Nous avions jusqu’à un théâtre. Dès que notre salle commune était fermée le soir et que certaine ronde avait eu lieu, une ou deux chandelles étaient allumées sur une table placée au bout de la prison. Deux ou trois prisonniers ou gardiens s’approchaient de la table, et la représentation commençait. Une voix de fausset servait à rendre les rôles de femme. Il y avait du dialogue et du chant. Ni le dialogue, ni le chant, n’étaient extrêmement chastes : on ne pouvait s’y attendre. Toute la poésie et tout le drame chinois sont remplis de calembours obscènes. Les pièces les plus anciennes et les plus renommées ne sont pas à l’abri de cette tache que les Européens ne peuvent y apercevoir, à moins d’avoir fréquenté bien mauvaise compagnie. Le mot lepus signifie en latin un lièvre, mais il signifie encore autre chose. Une pièce de vers où l’on parlerait du lièvre et de la tortue aurait de même en chinois une portée tout autre qu’en français. C’est pour cela qu’au théâtre on voit si souvent le public rire aux éclats après une phrase des plus naturelles, ou même une maxime des plus morales, et qui paraît n’avoir rien de risible.

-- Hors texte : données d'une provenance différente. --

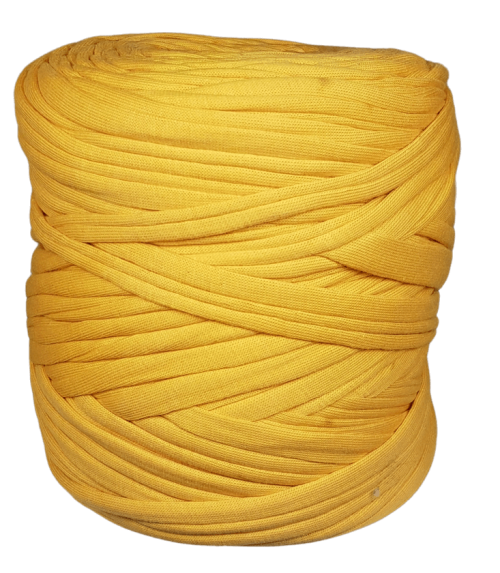 T Shirt Yarn Yellow Orange Shades - Image 7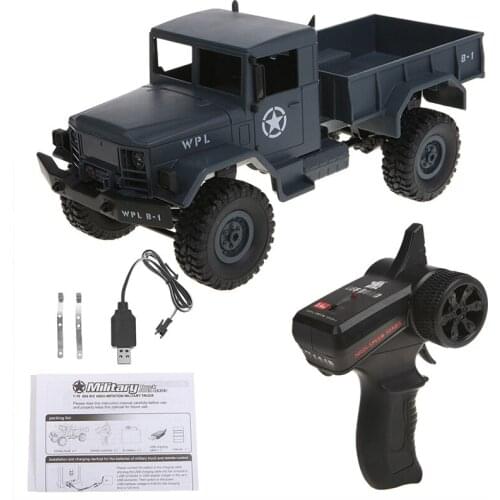 RC Car 1/16 Rock Crawler Off-Road 4WD 2.4G Truck Car Funny Toy Carros Control Remoto Boys Toys Christmas Gifts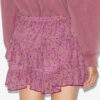 Jocadia katoenen short met ruches en print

Le calembour et le trope obscène, dont la découverte remonte sans doute à la fondation de la monarchie, sont la lèpre de la littérature chinoise. Le langage chinois est, du reste, plus crû que le nôtre. En Chine, comme dans toute l’Asie et comme chez les anciens, tout se montre et tout se dit. La pudeur est cisalpine. L’Italie la connaît moins que nous, et quant à la Turquie, la conversation des petites filles de ce pays ressemble à celle des zouaves du nôtre. J’ai remué assez de poussière en voyageant pour pouvoir entendre bien des choses ; mais je n’aime pas qu’elles soient chantées sur un diapason aussi élevé, avec des intonations aussi criardes qu’elles l’étaient dans la prison, à deux ou trois mètres de mes oreilles : aussi ne regardais-je pas les opéras comiques dont j’étais gratuitement régalé comme une agréable distraction ; j’avais toutefois d’autant moins le droit d’en montrer de l’humeur que le soir de mon arrivée mes compagnons de captivité, afin de ménager mon premier sommeil, s’étaient privés d’eux-mêmes de cette récréation bruyante.